El lápiz de Harca no se jubila.
Foto: Kike Taberner.
“Juli Sanchis (Picassent,
1942) es un hombre muy serio, pero también con mucho humor. Un hombre que viste
una camisa de cuadros con un boli asomando por el bolsillo, pero que es capaz
de despedazar a Abascal y Díaz Ayuso con unos cuantos trazos sobre papel
Caballo. Juli Sanchis -Harca, su nombre artístico cuando dibuja- lleva medio
siglo en el oficio de dibujante, coronado con un libro y una exposición
itinerante de su obra que ahora acaba de dejar Aldaia y se ha instalado en
Alcoi”. Así comienza Fernando Miñana su biografía sobre este personaje que vive
en Picassent, y, a sus 78 años, tras una caída se vio, de golpe, sentado en una
silla de ruedas, sin poder doblar las dos piernas estiradas. Juli dialoga
moviendo unas manos enormes con dedos como rosquilletas, aliviado después de
haber pasado unas semanas muy incómodas por culpa de un accidente. “Es que la
gente me llamaba y me decía que me veía muy bien, y yo les contestaba que de
cintura para arriba era Harca y de cintura para abajo, Mazinger Z”.
Cuando tenía 13 años, un
maestro llamado Ignacio Sáez le animó a apuntarse a hacer un curso de pintura
en San Carlos, en València. Juli era hijo de labrador y el mayor de cuatro
hermanos. Su padre le desanimaba diciendo que por ese camino iba a acabar
muriéndose de hambre, que lo correcto era prepararse como contable y meter
cabeza en un banco, el paradigma de la seguridad laboral para varias
generaciones. Juli fue obediente y de adolescente estaba ya trabajando en el
Banco Bilbao-Vizcaya repartiendo cartas. Pero, eso sí, en cuanto salía de la oficina
se ponía a dibujar.
Miñana recuerda que, en
Picassent, había un club cultural que fue crucial a la hora de azuzar las
inquietudes culturales de Juli. Ahí editaron una revista mensual que llegó al
número 70 y en la que Juli logró colar sus dibujos. “Al principio era
mecanografiada con papel de calco y tenía que pasar por la censura en Gobierno
Civil. Ahí empiezo a hacer dibujo clásico. Y luego, dibujo cómico, pero eso ya
fue con 26 años. Yo tenía inquietudes culturales y, en el club, hacía de todo”.

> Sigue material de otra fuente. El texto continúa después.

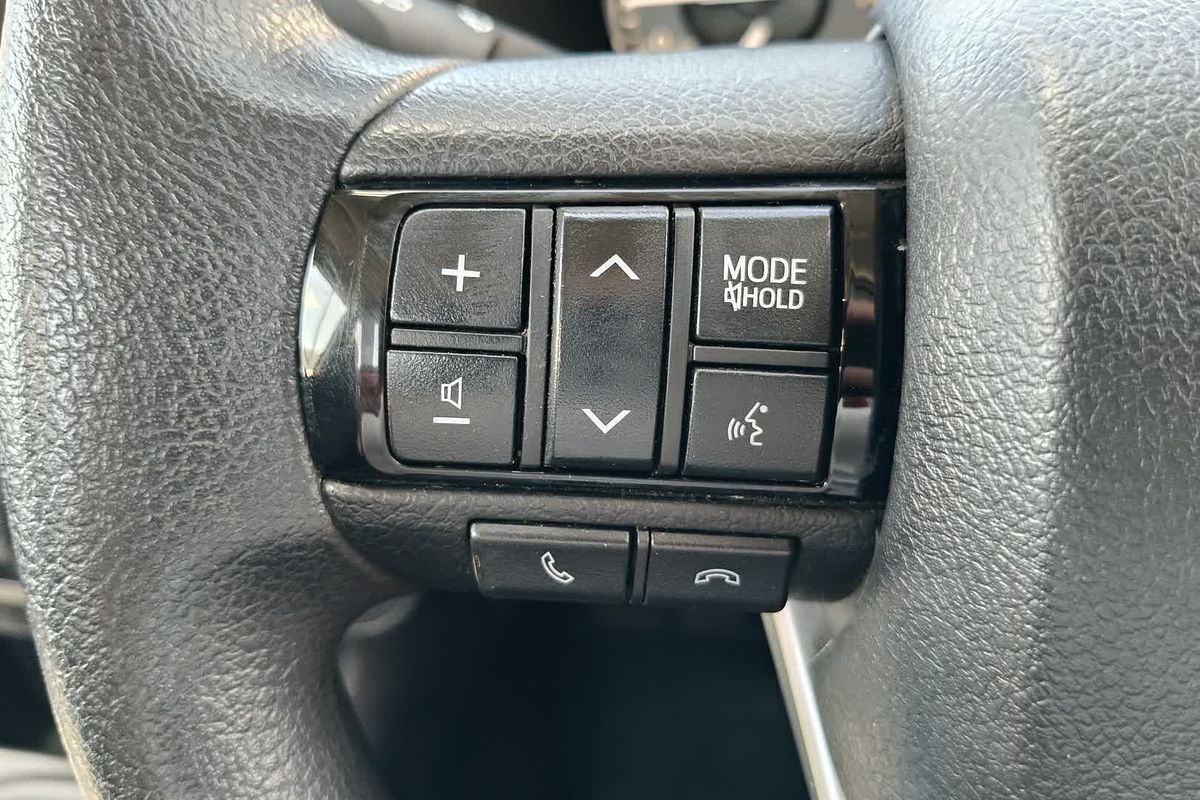 2022 Toyota Hilux Workmate TGN121R Rear Wheel Drive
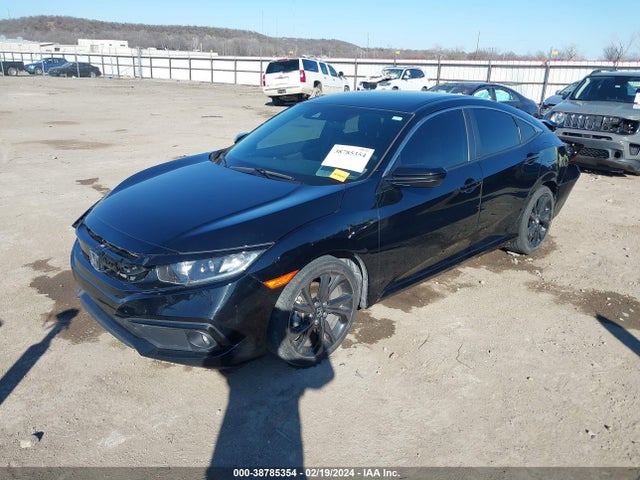 Honda Civic Sport 2020 19XFC2F87LE015357 Image 2
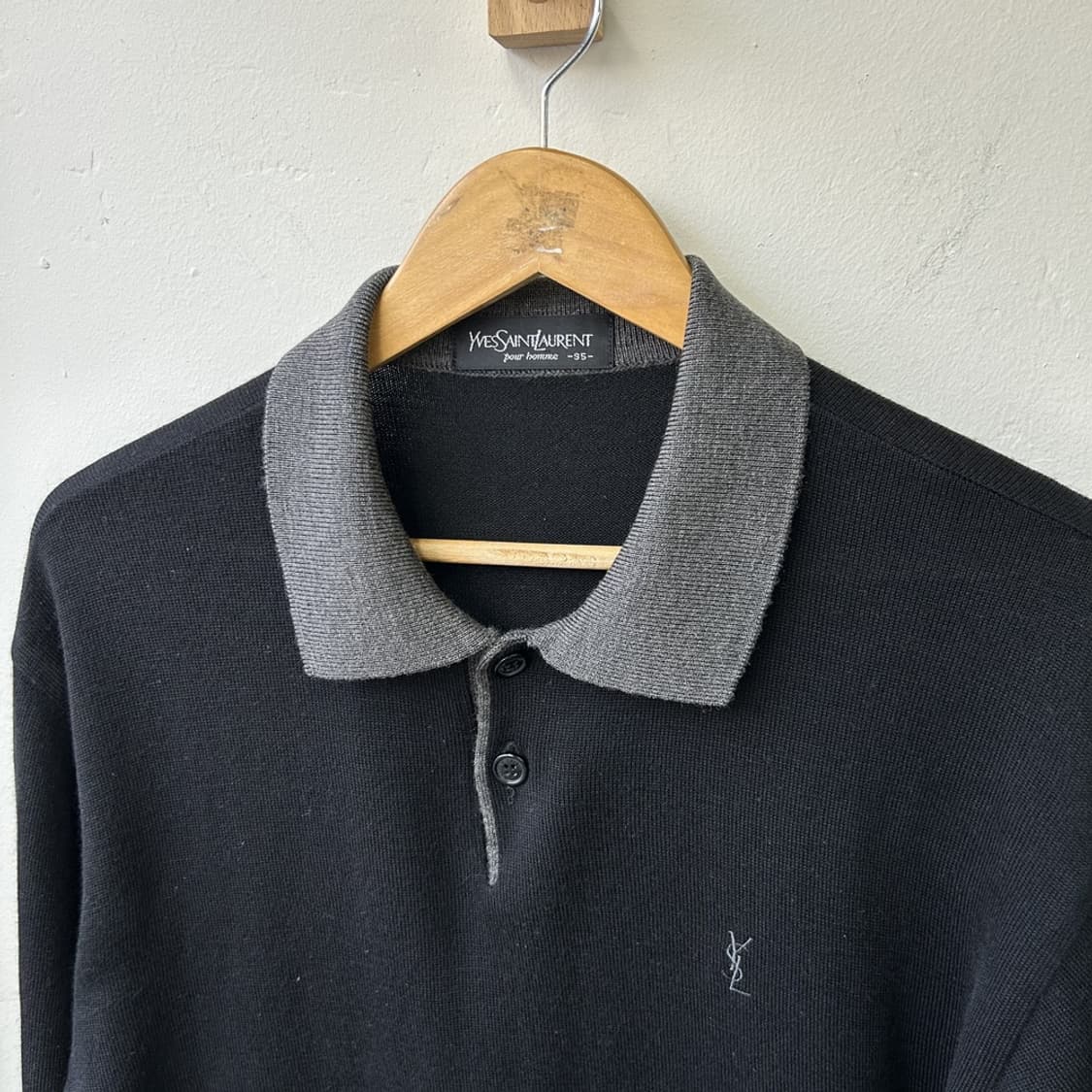 15344 - 입생로랑 카라 니트 상품이미지3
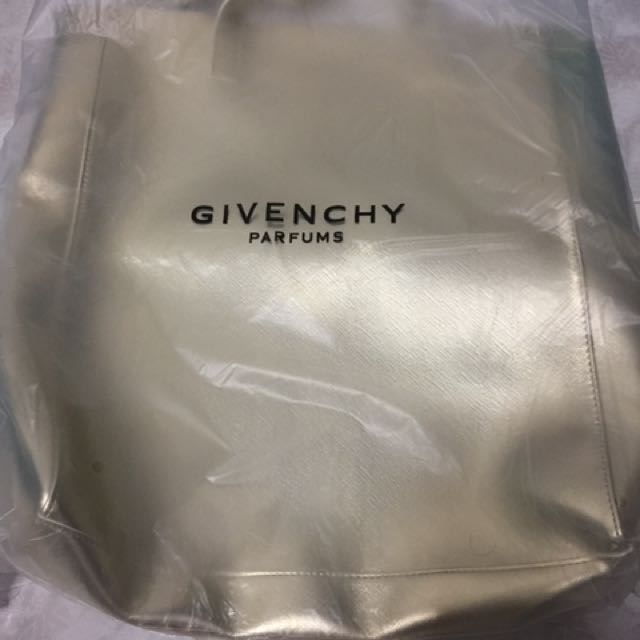 givenchy plastic bag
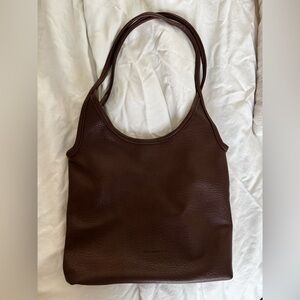 Montana West Dark Brown Shoulder Bag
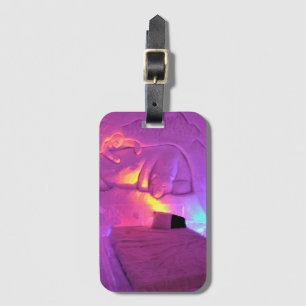 Polar Bear Room at Hotel de Glace, Quebec, Canada Luggage Tag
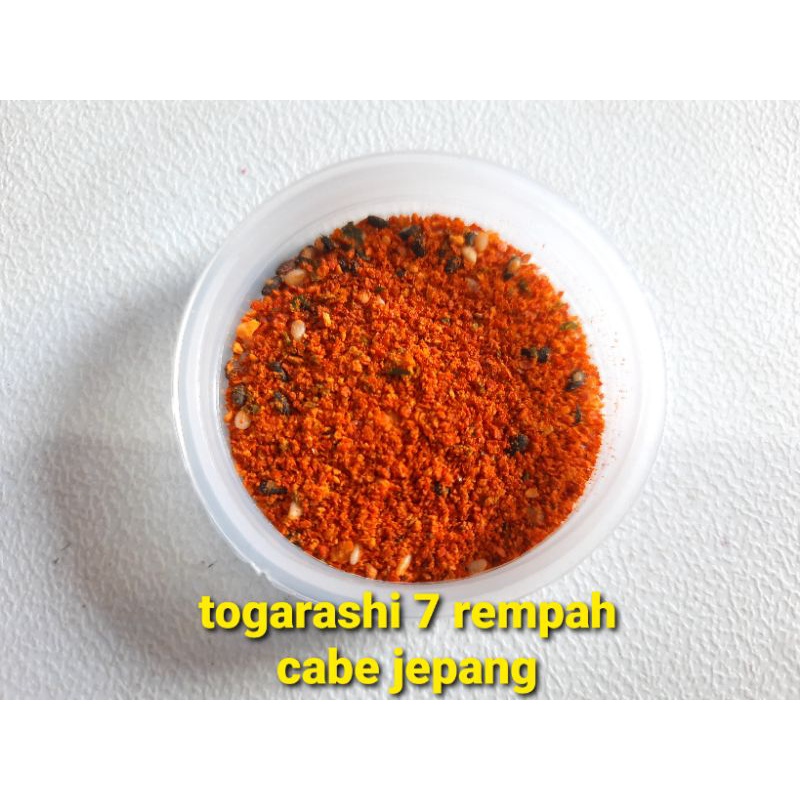 Gochugaru kasar halus Nanami togarashi shichimi bubuk cabe korea sambal korea jepang chili powder pedas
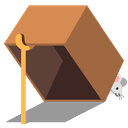🪤 mouse_trap + 🪤 mouse_trap emoji mashup
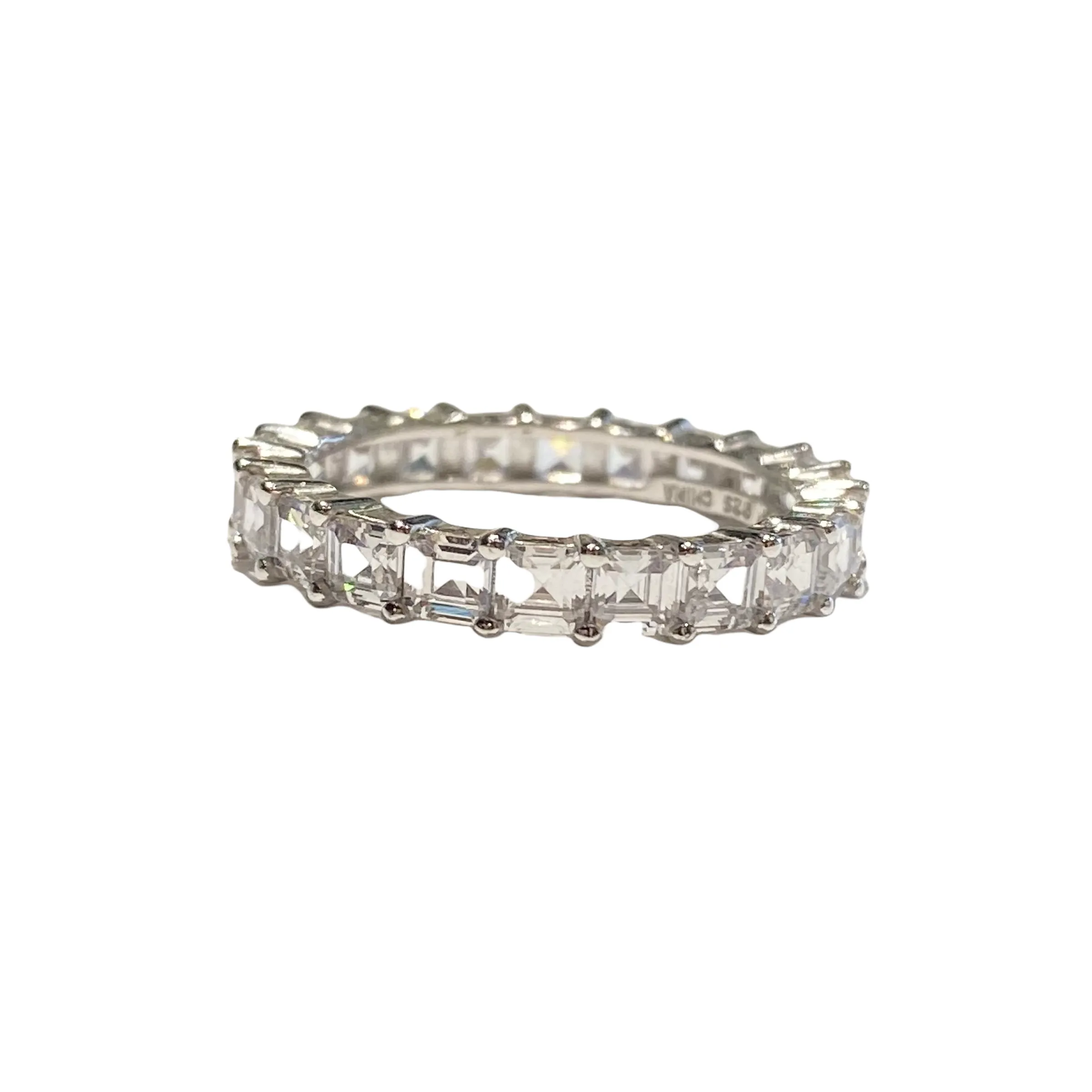 Noelia Ascher Cut Eternity Ring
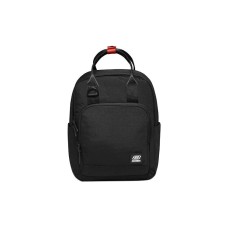 Skechers Fabric Handbag Backpack Regular Unisex Black Black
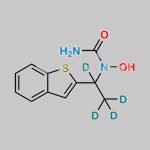 Zileuton D4 CAS#: 1189878-76-9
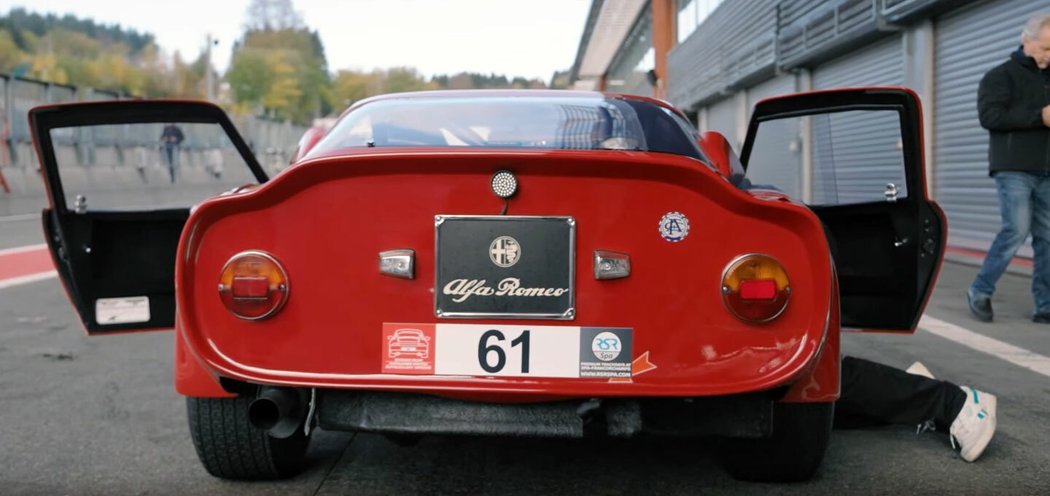 Alfa Romeo Giulia TZ2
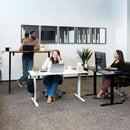 47 Inch Electric Standing Desk Height Adjustable Ergonomic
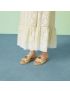 [GUCCI] Womens floral espadrille sandal 747002FAB2B8449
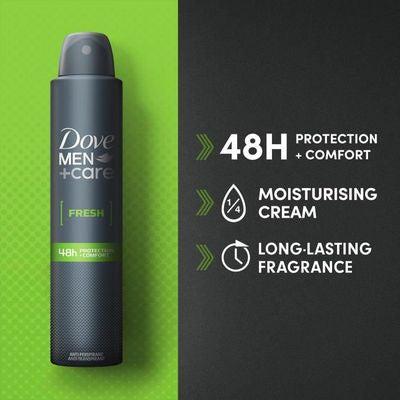Dove Men+ Care Advanced Déodorant Extra Fresh Anti Transpirant 72H Protection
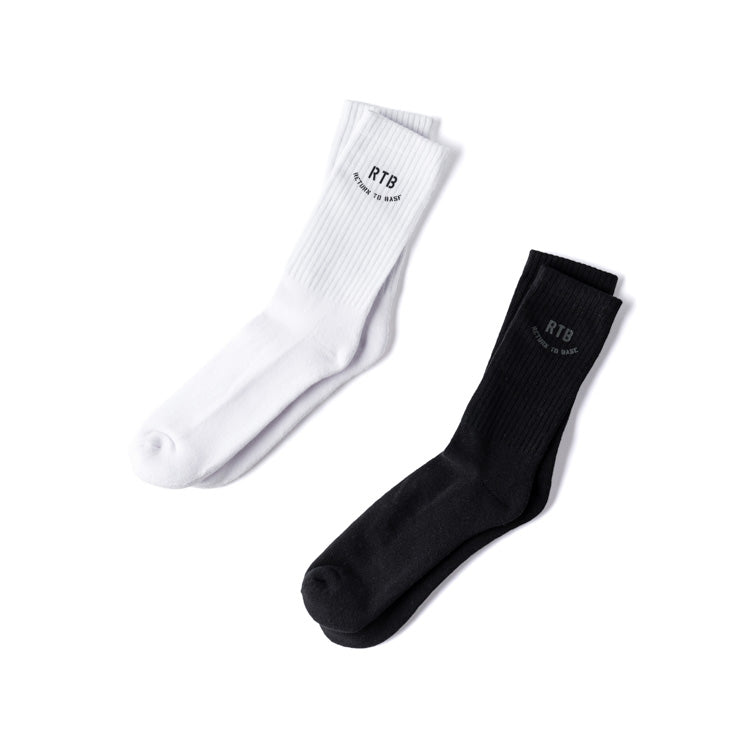 RTB Logo Socks (2 Pairs)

A los 31 se casó con Lola. El matrimonio dejó el pueblo y su incesante
actividad cultural para meterse en un piso de 90 metros cuadrados en la ciudad.
Trabajaba en unos grandes almacenes, y, cada mañana, salía de casa con un
bocadillo para el almuerzo y otro para la comida. Pero el trabajo jamás sofocó
su ansia por dibujar. En una olimpiada del humor seleccionaron un dibujo suyo y
eso sirvió para que se sacudiera todos los complejos y las dudas que acarreaba
desde que comenzó a hacer sus primeros bocetos que comenzó a publicar en el
diario Pueblo y en Levante.
El lápiz se convierte la
mayoría de las veces en una lanza con la que ensarta a los políticos de cada
momento. “Al principio, no sabía si era humor, mala leche o sátira. Yo, en
realidad, empecé para reivindicar la cultura valenciana. Pero cuando comienzas
a ir a certámenes en el extranjero y tu trabajo pasa fronteras eso deja de
entenderse, y es cuando me centro en el dibujo social o político”. Al final, se
convirtió en Harca, un dibujante que quería pelear contra las injusticias y los
políticos de dudosa moralidad. Hoy reconoce que es “bastante mordaz y que, en
el humor, no debe tener límites y nada es intocable. Pero cada uno tiene que
ver hasta dónde quiere llegar”.
A los 63 años se jubila,
pero nunca dejó de dibujar y de empuñar su lanza de carboncillo. “Siempre que
veía un artículo que me parecía interesante, lo arrancaba y lo archivaba. Así,
cuando recibía un encargo, cogía y me documentaba con lo que tenía almacenado”.
Juli no solo es dibujante, también es lector. Se decanta por el producto
autóctono. Le gusta Ortifus, Enrique, el de Información y Quique. Dice que Madrigal
es un crack y Gallego y Rey. “El Roto me gusta mucho, es un filósofo. Y Peridis
me gustaba, pero últimamente menos”. Antes de acabar, abre una carpeta, saca un
papel y lo desliza encima de la mesa. Es un retrato que le hizo Sciammarella,
el formidable caricaturista de El País, con quien tiene amistad desde hace
años. “Es una pasada. Mira el cabrón cómo me pone la cabeza”, exclama mientras
se ríe a carcajadas de cómo Sciammarella se ha centrado en su ojo estrábico.